Anyway, I take away the diamond, add template<typename T> before
friend
and poof, VC++ 2008 built it.

This does something different from what I desire, though. This makes
every C<T> grant friendship to every operator+(C<U>, C<U>). (Thus,

I think I spotted 2 errors in one line
friend C<T> operator+ <>(C<T> self, C<T> that);

You need to remove the <>, well it reminds me of the diamond operator
in Perl. I don't think gcc is much pleased with it.

I believe the diamond '<>' is there to indicate that it is a function
template. When I remove the diamond, gcc warns that the friend
declaration is declaring a non-template function (which I don't want
to do--the function is a template). Gcc then proceeds to tell me that
if that's not what I intend, I should add the diamond.

 

[Cédric Baudry]

This does something different from what I desire, though.

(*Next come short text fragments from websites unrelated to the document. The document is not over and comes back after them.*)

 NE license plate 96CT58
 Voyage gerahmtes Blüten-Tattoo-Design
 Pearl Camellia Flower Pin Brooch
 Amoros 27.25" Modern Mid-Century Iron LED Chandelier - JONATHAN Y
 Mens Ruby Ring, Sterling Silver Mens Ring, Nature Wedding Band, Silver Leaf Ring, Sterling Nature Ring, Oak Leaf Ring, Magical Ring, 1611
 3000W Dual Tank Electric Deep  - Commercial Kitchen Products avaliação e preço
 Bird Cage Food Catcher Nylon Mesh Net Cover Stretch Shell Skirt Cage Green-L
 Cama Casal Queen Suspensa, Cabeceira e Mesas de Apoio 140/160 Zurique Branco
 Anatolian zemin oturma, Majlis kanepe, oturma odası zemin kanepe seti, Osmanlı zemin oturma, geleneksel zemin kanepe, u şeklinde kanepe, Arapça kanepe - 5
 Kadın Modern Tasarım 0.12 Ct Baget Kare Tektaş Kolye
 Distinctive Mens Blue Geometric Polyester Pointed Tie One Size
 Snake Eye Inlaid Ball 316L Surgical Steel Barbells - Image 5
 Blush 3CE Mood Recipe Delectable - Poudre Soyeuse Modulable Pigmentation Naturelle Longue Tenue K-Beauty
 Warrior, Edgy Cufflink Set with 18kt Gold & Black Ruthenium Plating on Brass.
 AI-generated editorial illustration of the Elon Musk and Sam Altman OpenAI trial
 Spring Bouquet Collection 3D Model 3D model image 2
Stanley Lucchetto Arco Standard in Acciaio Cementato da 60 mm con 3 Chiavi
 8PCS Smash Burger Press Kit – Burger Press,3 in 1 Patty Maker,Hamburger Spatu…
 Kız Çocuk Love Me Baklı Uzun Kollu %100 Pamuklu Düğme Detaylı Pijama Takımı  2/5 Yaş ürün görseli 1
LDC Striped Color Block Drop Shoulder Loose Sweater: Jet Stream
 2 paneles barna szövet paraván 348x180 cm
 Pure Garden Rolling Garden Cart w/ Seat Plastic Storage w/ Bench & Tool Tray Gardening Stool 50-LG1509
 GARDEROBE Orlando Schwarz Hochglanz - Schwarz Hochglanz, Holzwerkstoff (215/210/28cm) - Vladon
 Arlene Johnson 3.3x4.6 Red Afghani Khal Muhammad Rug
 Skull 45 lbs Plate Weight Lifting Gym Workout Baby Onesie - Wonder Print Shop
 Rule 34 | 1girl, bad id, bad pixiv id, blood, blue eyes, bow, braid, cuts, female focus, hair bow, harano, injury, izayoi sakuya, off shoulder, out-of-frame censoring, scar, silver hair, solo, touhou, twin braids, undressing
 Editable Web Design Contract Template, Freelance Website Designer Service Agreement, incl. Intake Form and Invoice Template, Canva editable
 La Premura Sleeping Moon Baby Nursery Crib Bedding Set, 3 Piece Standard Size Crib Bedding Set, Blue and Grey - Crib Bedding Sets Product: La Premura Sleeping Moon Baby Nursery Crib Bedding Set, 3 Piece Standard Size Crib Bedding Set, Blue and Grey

This makes
every C<T> grant friendship to every operator+(C<U>, C<U>). (Thus,



I believe the diamond '<>' is there to indicate that it is a function
template. When I remove the diamond, gcc warns that the friend
declaration is declaring a non-template function (which I don't want
to do--the function is a template). Gcc then proceeds to tell me that
if that's not what I intend, I should add the diamond.

It seems Visual C++ 8 doesn't want a <>. I can't compile the source. :
(

The diamond '<>' seems to be non portable.